If id do it over...id probably do what i already did.
2'' blocks and Home made shackle on stock rears or Chevies
Rears up front or Stock Waggy springs or just buy some front spring($0-300)
I didnt change my driveshafts at all and ive had no problems with them and im lifted over 3 inches on 35's and have had 36's under it no prob
5.29's Aussie locker or that of the like up front
Welded rear or Detroit, true trac whatever floats you banna.(1000)
i got rims/tires/mounted and balanced for under a 1000 so look around
go to summit.com and get some creager soft 8's thats what im rocking(1000)
I also made my own bumper/sliders and am still working on exo stuff (250 for mine)
Shocks, im runing free 14 inch Bils in the rear and will run 12's up front(300)
truck was a trade and i didnt pay for the truck i traded so (0-1500)
i could see you getting it on the trail for under 5K easy
and hi steer and shocks if your a baller
If id do it over...id probably do what i already did.

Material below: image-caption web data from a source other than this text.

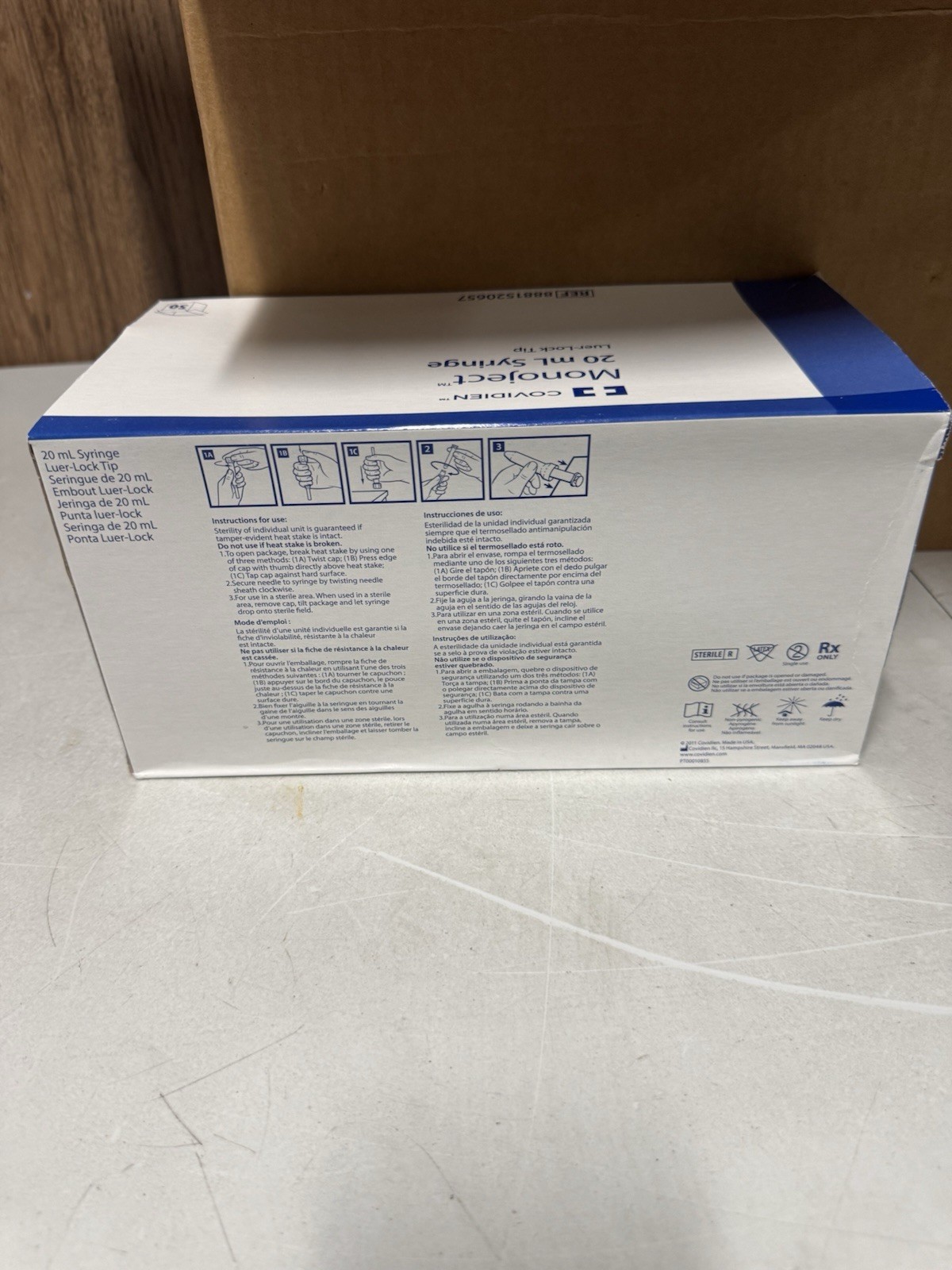 Covidien Monoject 20mL Syringe Luer Lock 300 Total (6 Boxes x 50) New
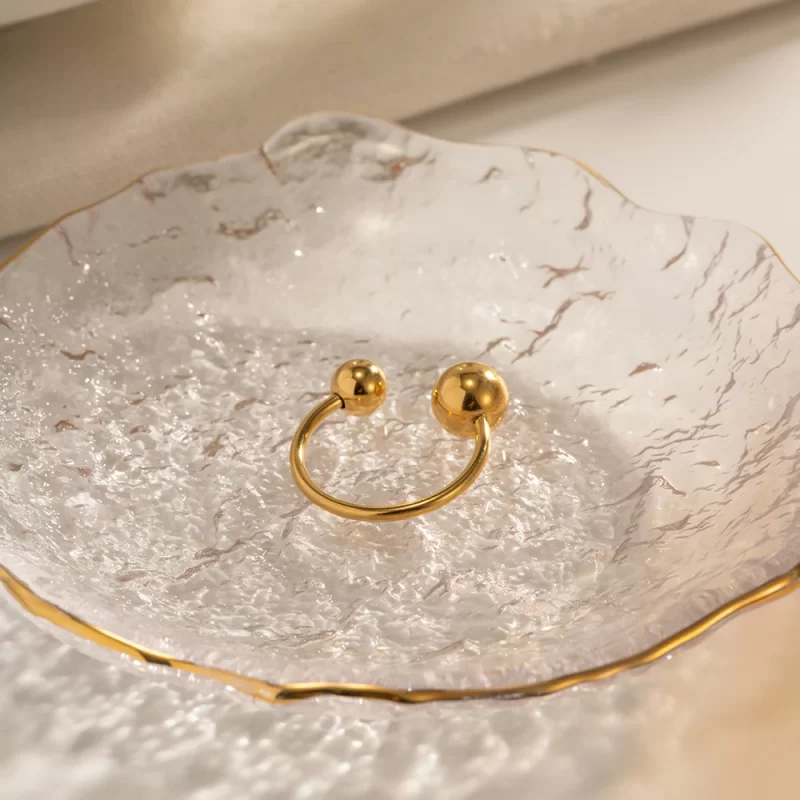 Minimalist 18K Gold Plated Statement Bead Ring Stainless Steel Two Ball Open Ring for Gift - Image 5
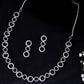 VOJ Silver Plated Ad Stone Studded Round Shaped Necklace And Earrings Set - Swadesiicart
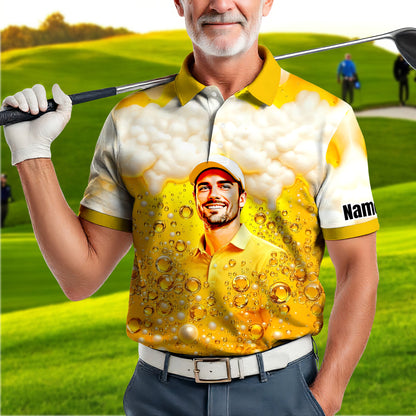 HomyGifts Men's Customized Face Artistic Golf Polo Shirt, Beer pattern Design, Special Gift for Beer & Golf Lovers, Summer Party Outfit, Unique Gift for Men Style 4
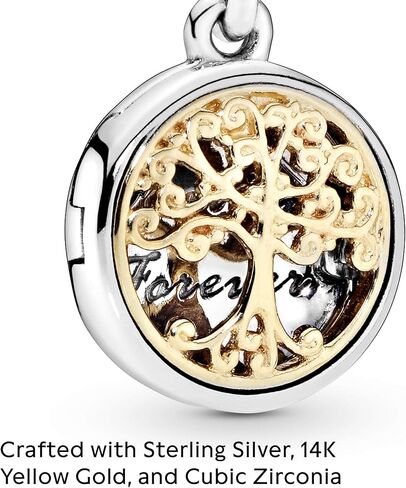 PANDORA Jewelry Family Roots Cubic Zirconia Charm in Sterling Silver and 14K Yellow Gold in Saudi Arabia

2'' blocks and Home made shackle on stock rears or Chevies
Rears up front or Stock Waggy springs or just buy some front spring($0-300)
I didnt change my driveshafts at all and ive had no problems with them and im lifted over 3 inches on 35's and have had 36's under it no prob
5.29's Aussie locker or that of the like up front
Welded rear or Detroit, true trac whatever floats you banna.(1000)
i got rims/tires/mounted and balanced for under a 1000 so look around
go to summit.com and get some creager soft 8's thats what im rocking(1000)
I also made my own bumper/sliders and am still working on exo stuff (250 for mine)
Shocks, im runing free 14 inch Bils in the rear and will run 12's up front(300)
truck was a trade and i didnt pay for the truck i traded so (0-1500)
i could see you getting it on the trail for under 5K easy
and hi steer and shocks if your a baller
Last edited by NR_85; Jul 28, 2006 at 04:19 PM.
#16
Well i bought mine today and it has a lift, so im gonna fix an exhaust leak, smog pump belt, then on to body. its got surface rust, and holes in the doors, but the frame is solid, so im gonna sand down the rust and either go all black, or black bottom w/ camo, tan or brown.